Pero la desgracia comienza porque el ser humano
no quiere escuchar la Palabra de Dios
y no quiere admitirlo.
Se aleja tanto de Dios, que finalmente ya no es capaz de escuchar; se queda sordo.
Y porque él ya no oye nada,
piensa que Dios ha enmudecido.
El sordomudo del Evangelio está como símbolo elocuente para esta situación del ser humano.
En esta situación, Jesús dice la palabra salvadora:
¡Ephata – ábrete!
Creer viene de oír – dice Pablo (cf.

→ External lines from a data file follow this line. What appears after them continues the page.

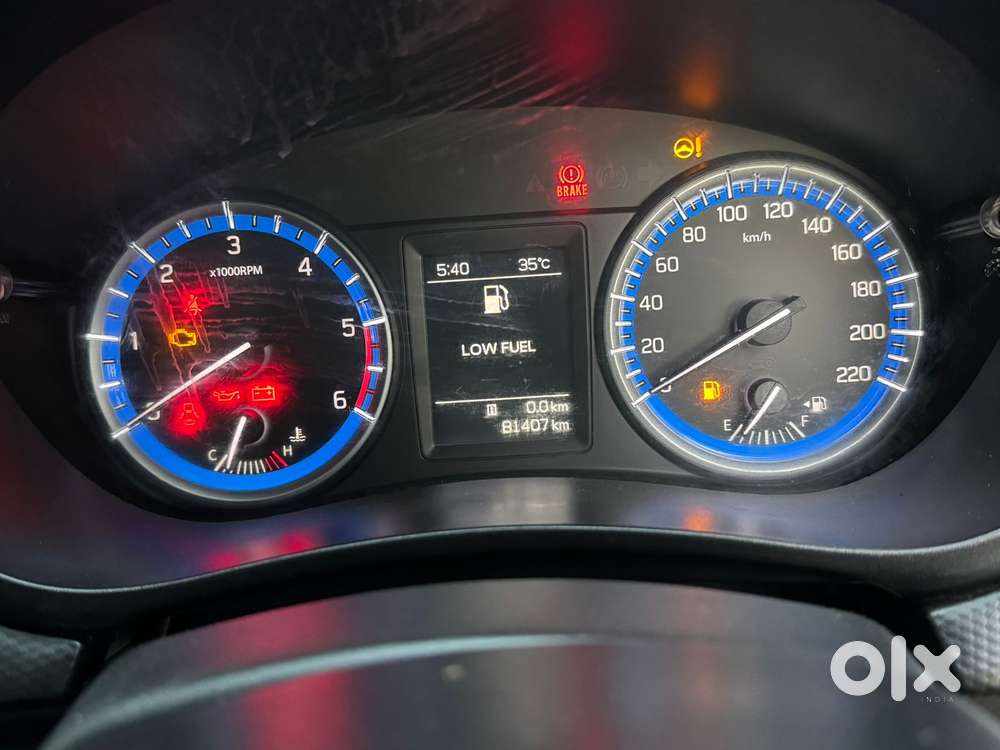 Maruti Suzuki S-cross Zeta 1.3, 2016, Diesel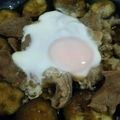 京ちゃんプー☆'s cooksnap of when they made ナスと豚の甘辛煮.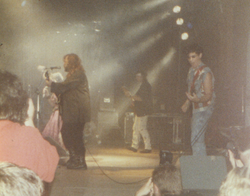 Resurrection Band live 1988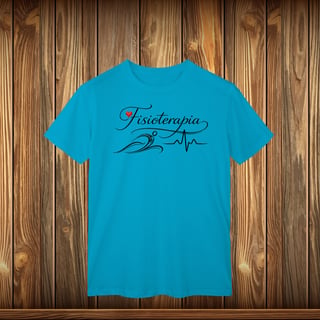 Nome do produto T-Shirt Classic - FISIOTERAPIA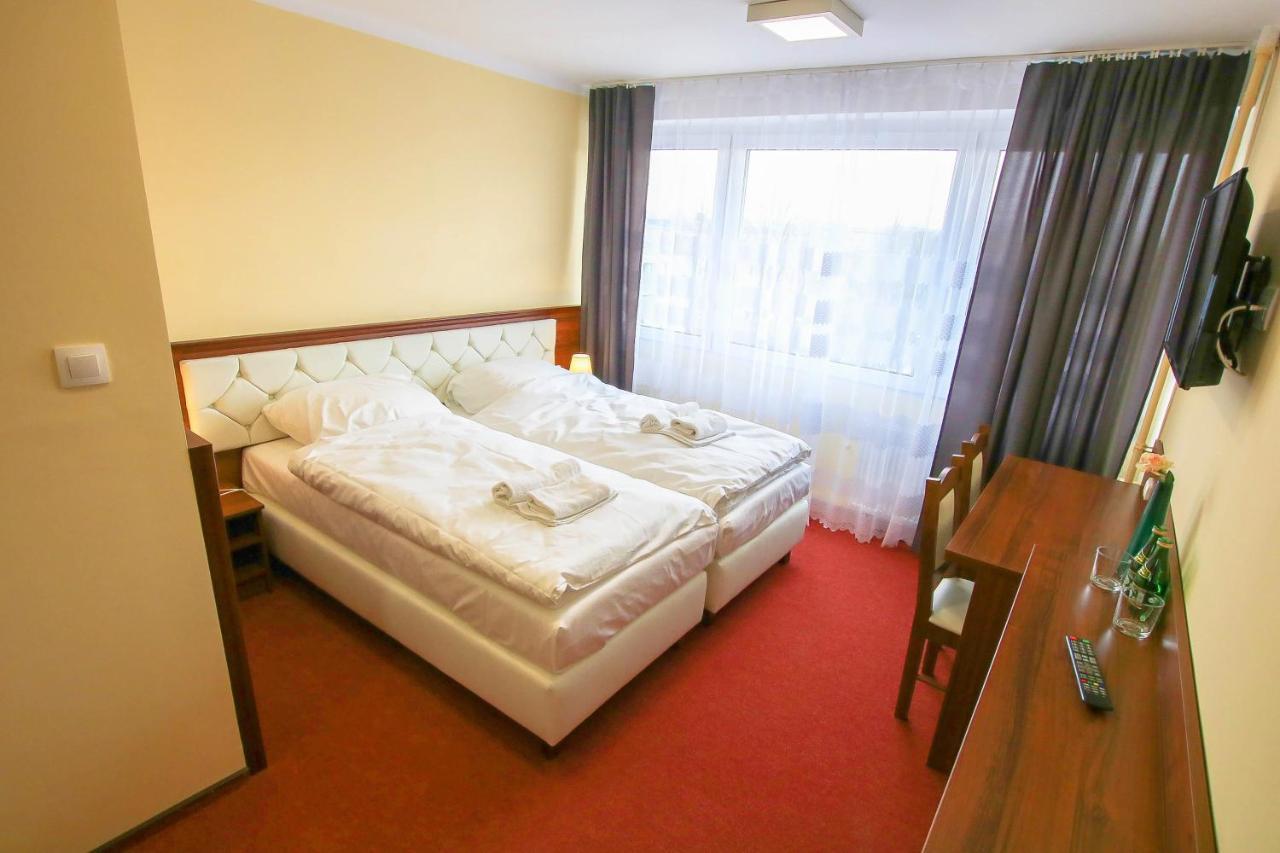 Hotel Sill Kielce Exterior photo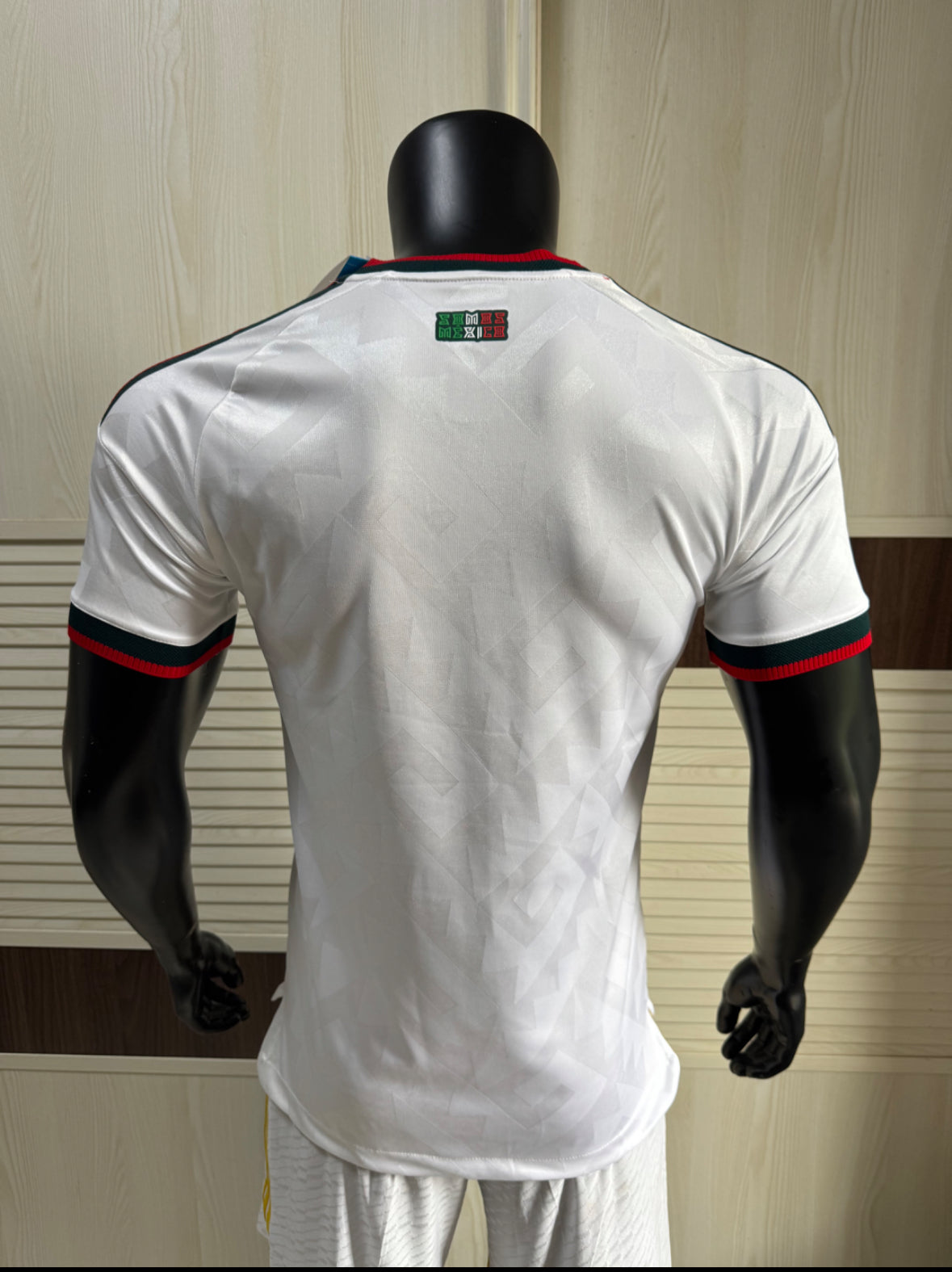 Mexico Away 2026 World Cup Player Version Jersey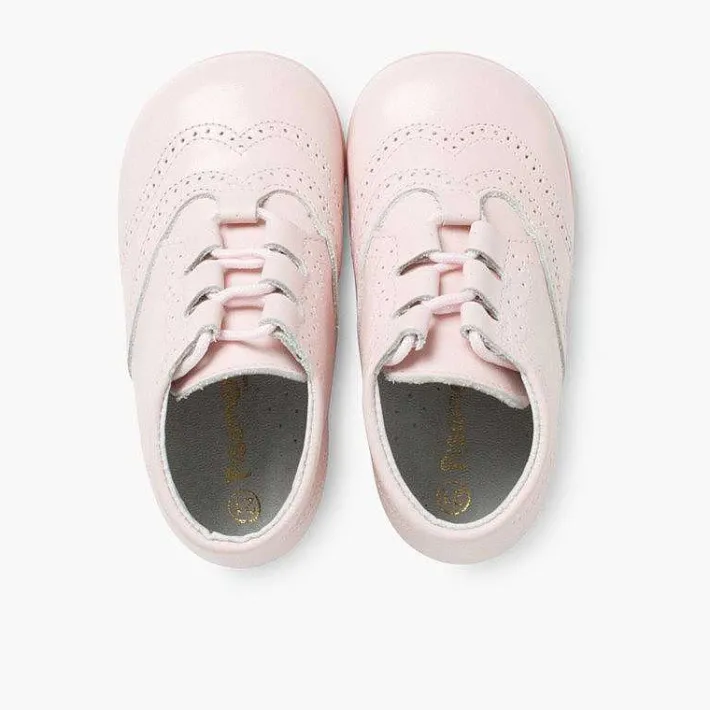 Zapatito Inglés<Pisamonas Inglésitos Botita Inglésa Piel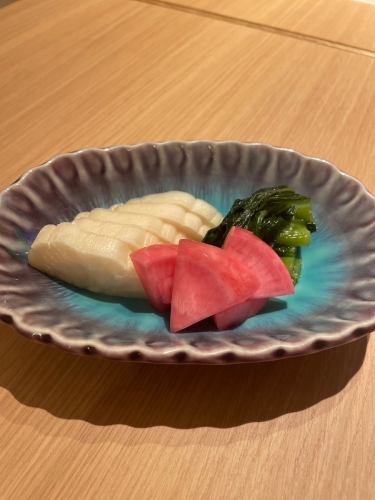 什錦泡菜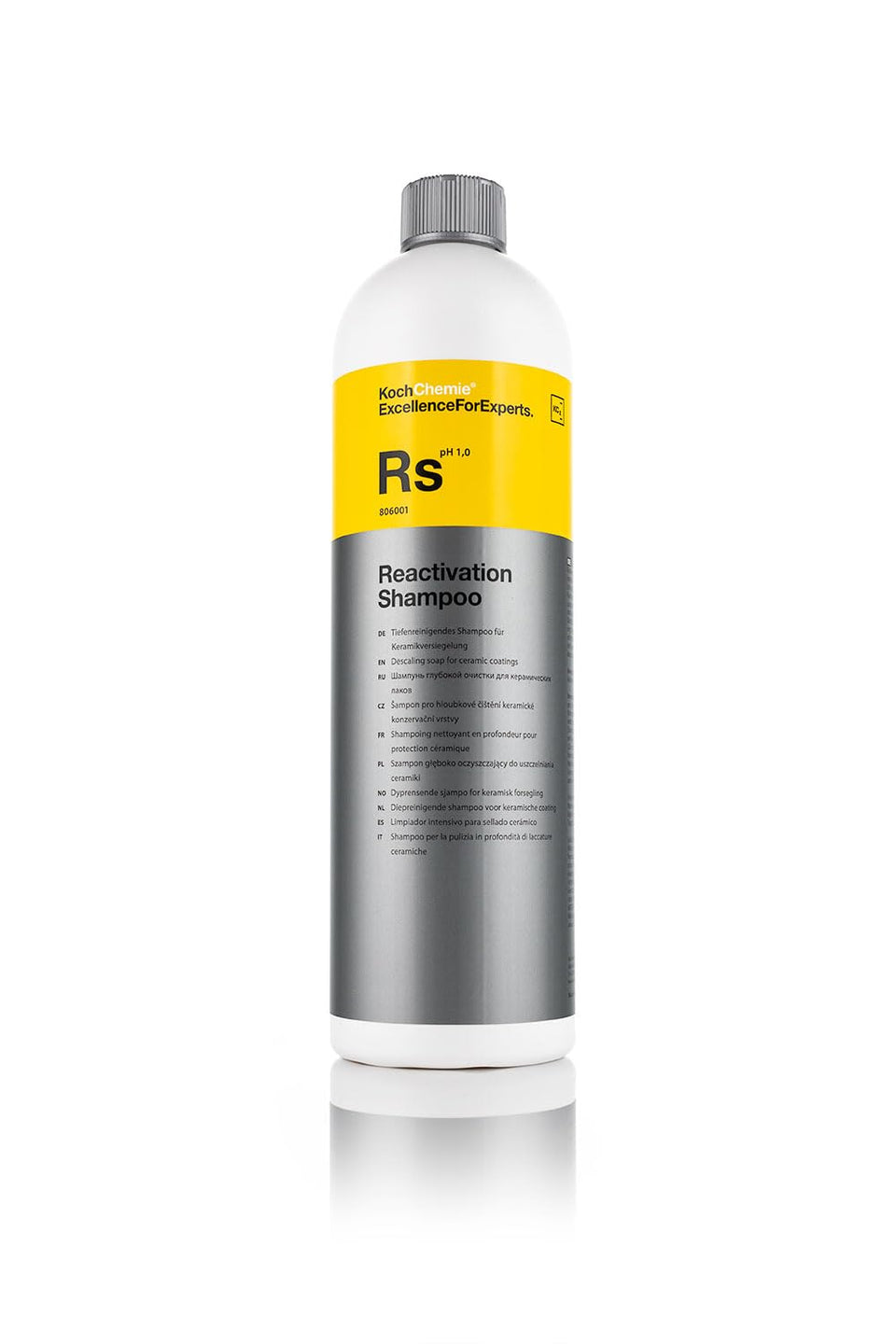 KOCHCHEMIE front bottle showing product and professional strength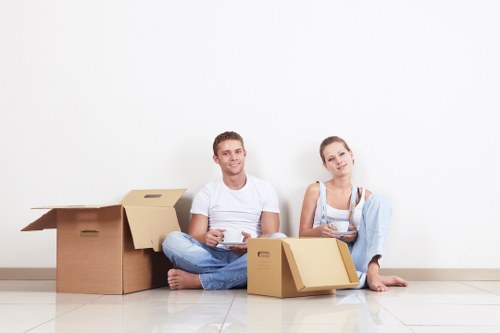 Booking confirmation and identification for storage services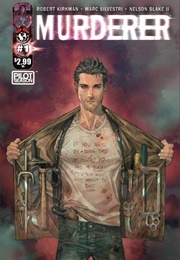 Pilot Season: Murderer #1 (Robert Kirkman)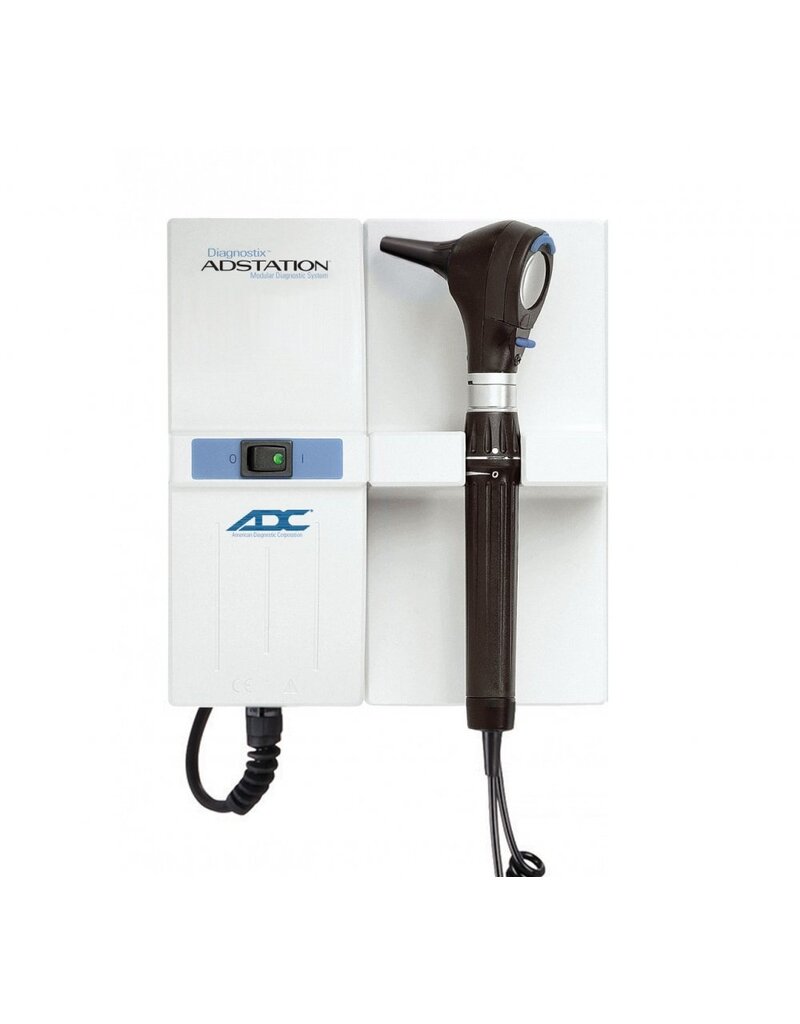 ADC Adstation™ 5611 Otoscope standard mural 3,5 V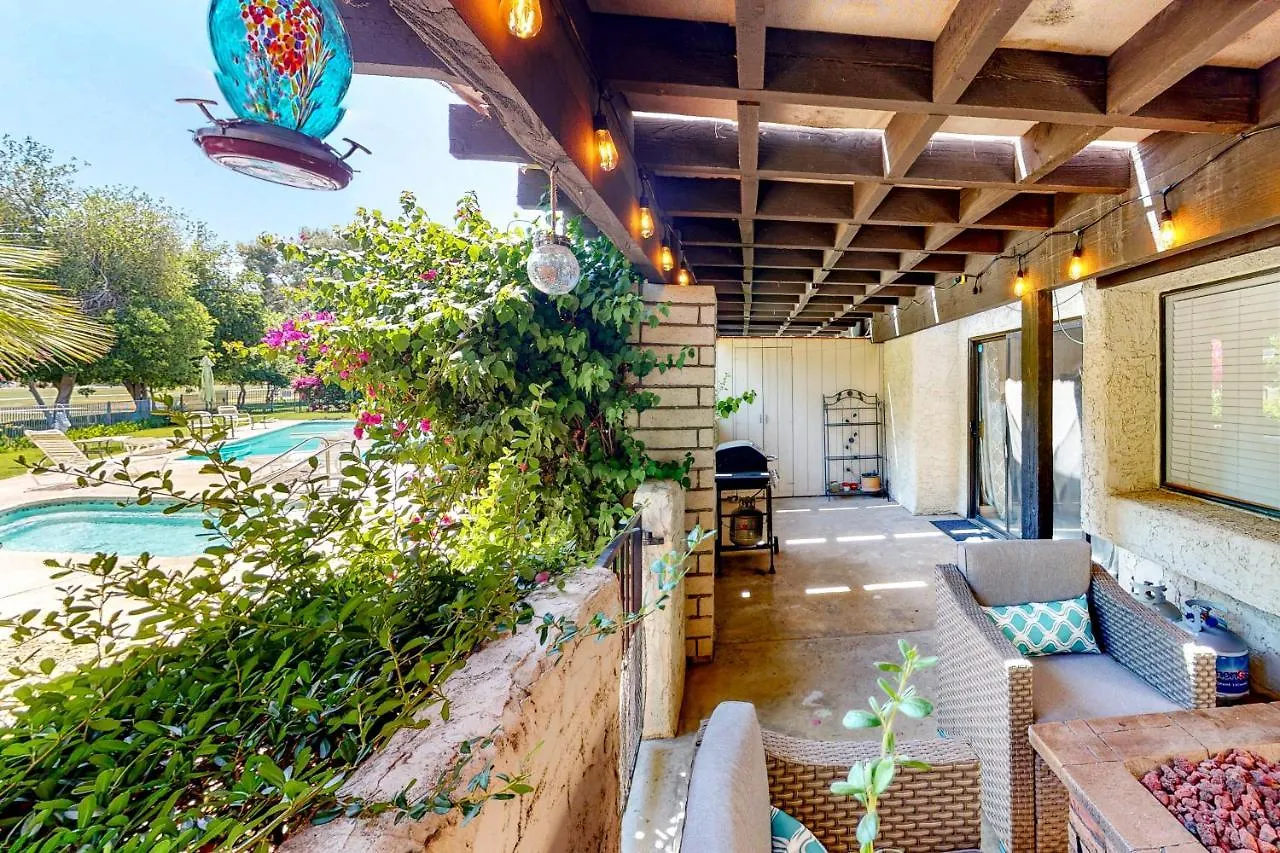 Appartement Poolside Getaway Permit# 4610 à Palm Springs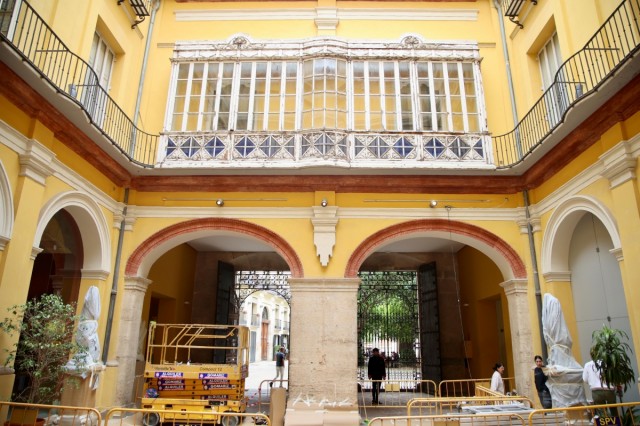 El Museu de la Ciutat cierra sus puertas para transformarse en Museo Sorolla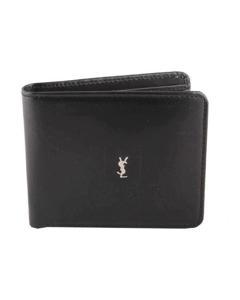 YSL Wallet For Men - Black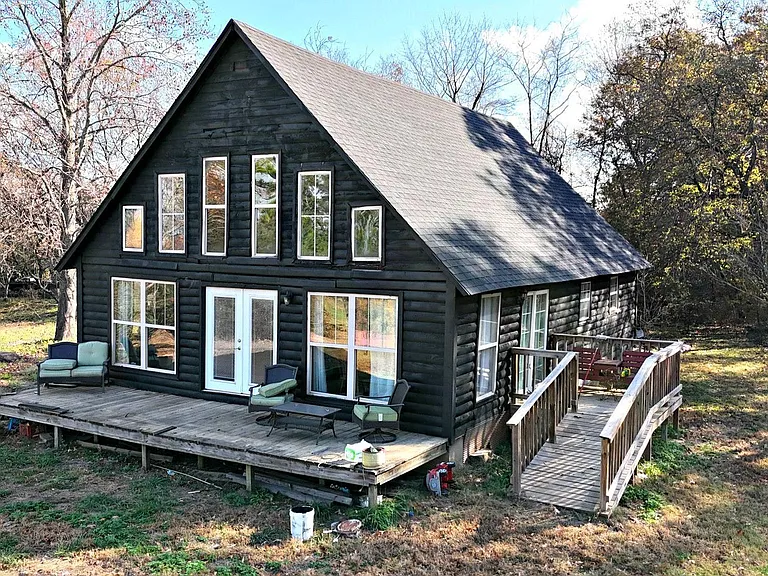 Hidden Gem in the Ouachita Mountains Near Mena, Arkansas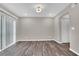 Modern living room with hardwood floors, neutral tones, and natural light, perfect for relaxation at 3236 Abbeywood Dr, Decatur, GA 30034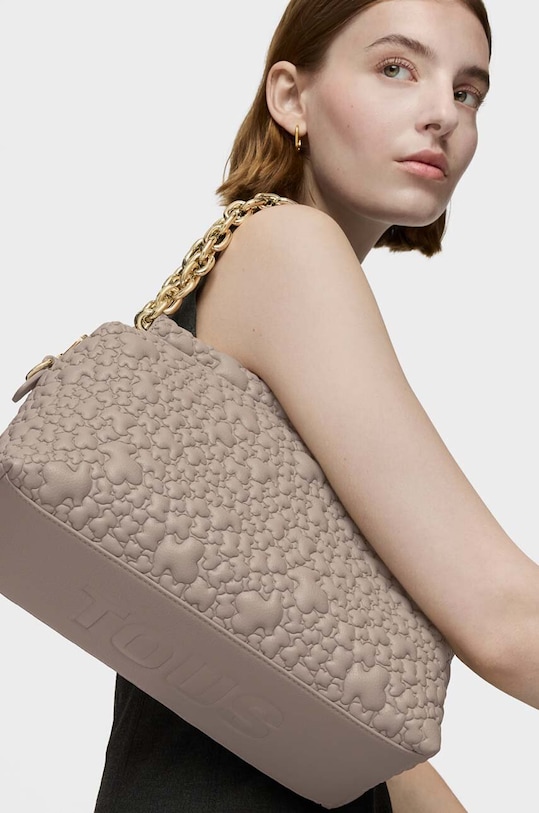 Сумочка Tous 2002132343 бежевий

Rm 10,14).
En el Bautismo nos fueron abiertos a todos los oídos sacramentalmente por medio del “Ephata”,
por el cual podemos oír el alegre mensaje de Jesucristo.
Y, por este “Ephata” también se soltó nuestra lengua
para que podamos hablar de nuestra fe.
Jesús, abriendo los oídos y las “ataduras” de la lengua al sordomudo –y también a nosotros–
nos abre el camino hacia la fe.
La fe no es ningún “trabajo”
que nosotros podemos realizar como seres humanos.
La fe es más bien un don,
como es un don la curación del sordomudo.

La Lectura de Isaías sugiere otra explicación en sentido figurado:
Como estímulo para el presente describe Isaías
en un canto de la promesa, la nueva Creación de Dios.
Él mismo vendrá y traerá a este mundo la plenitud de la salvación.
Los ciegos verán y los sordos oirán –
este milagro y todos los milagros de una Creación perfecta, encuentran su plenitud en Jesucristo.
También así se puede interpretar el Evangelio de hoy al final de los tiempos.
Entonces también nos alentará a nosotros una fe alegre y confiada en el Dios de Jesucristo,
que todo lo hace bien –
a pesar de las obscuridades de nuestra época y de nuestra vida.